UPM Raflatac plans to increase production capacity for its filmic labelstock business in Europe by investing approximately 13 million EUR (18 million USD) in a new coating line at the company’s self-adhesive labelstock factory in Nowa Wies, Poland.

UPM Raflatac to make investments in Poland

This initiative will support UPM Raflatac’s target to secure cost competitive growth in films in the long term. The start-up of the new assets is estimated to take place in the first quarter of next year.

Following the planned investment, an older film coating line in Tampere, Finland and the UPM Raflatac siliconizing line in Tervasaari, Finland will be closed.
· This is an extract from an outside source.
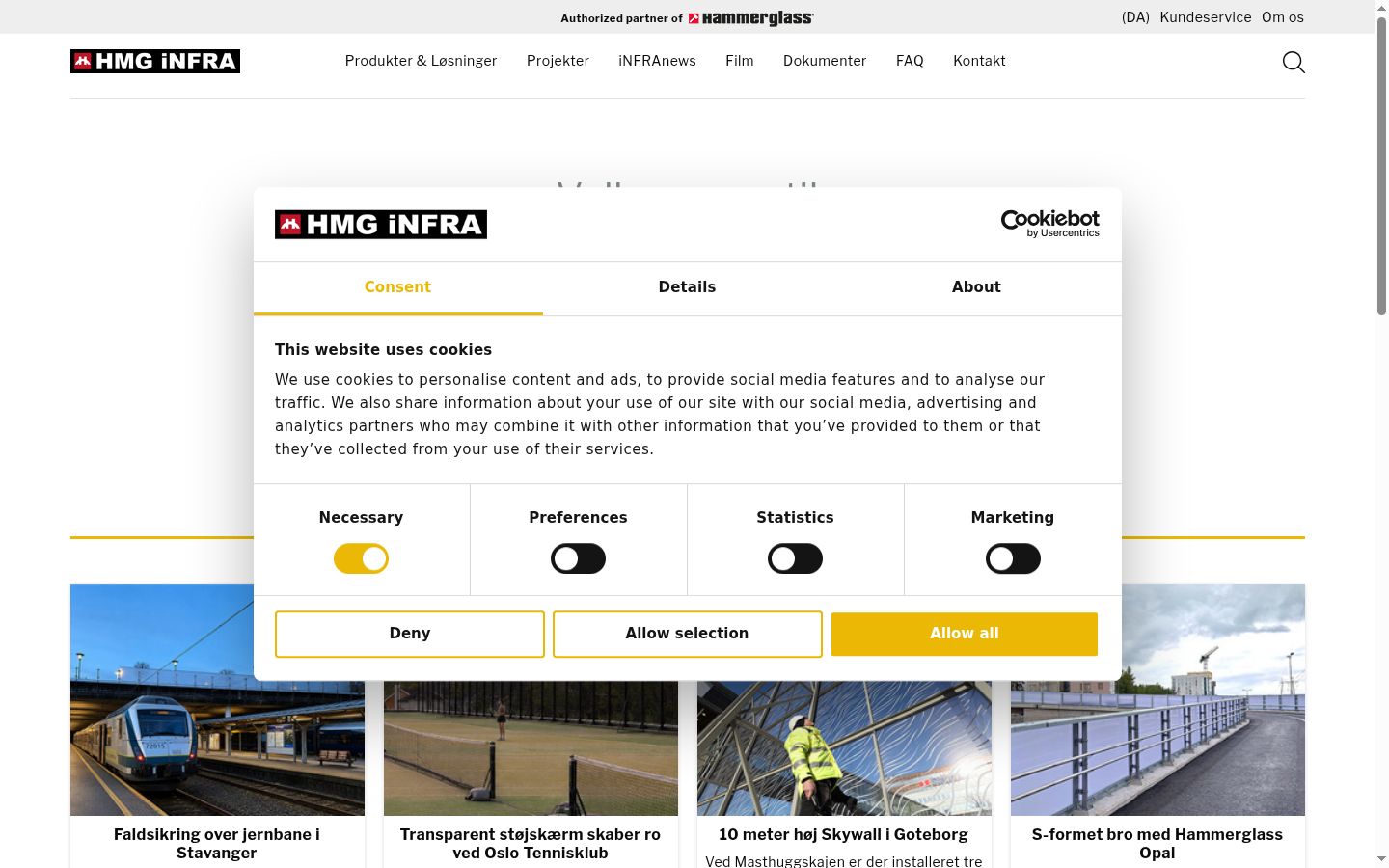 Snímek obrazovky baneru souhlasu zobrazeného před jakoukoli interakcí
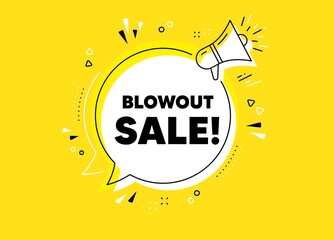 Blowout sale. Megaphone yellow vector banner. Special offer price sign. Advertising discounts symbol. Thought speech bubble with quotes. Blowout sale chat think megaphone message. Vector - obrazy, fototapety, plakaty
In addition, UPM Raflatac plans to improve productivity in its sheet labelstock business by closing sheet labelstock coating operations and reducing capacity in sheets finishing in Polinya, Spain. The sheet coating will be centralized to Nowa Wies.

 The planned actions are estimated to result in annual cost savings of about four million EUR (5.5 million USD) starting from 2015 and exceeding six million EUR (eight million USD) in 2016.

If all plans are implemented, the estimated total personnel impact would be a maximum of 122 positions in the affected countries: a maximum of 86 positions in Spain and a maximum of 36 positions in Finland. The majority of restructuring is estimated to be completed by the end of 2014.

Tapio Kolunsarka, executive vice-President at UPM Raflatac, said: ‘In our film business we have enjoyed robust growth in Europe in recent years and therefore we are planning to increase filmic coating capacity in Nowa Wies, Poland.

‘The majority of the film market is in Central and Southern Europe and with this capacity we will be able to serve our customers in those market areas better in future. According to the plan, we aim to streamline our capacity in Tampere, Finland to meet the needs of the reduced service area.

‘In past years, the sheets market has been affected by changes in customer buying behaviour and the market segment has been stagnating. As a consequence we have seen a sharp increase in competition in the market and thus we are planning to centralize sheet production to Nowa Wies, Poland to be able to remain competitive in this segment in the future.

‘After these planned changes in our manufacturing and supply chain platform in Europe, we will have a highly productive capacity serving each of our key product segments with sufficient capacity to meet the needs of the future,’ Kolunsarka concluded.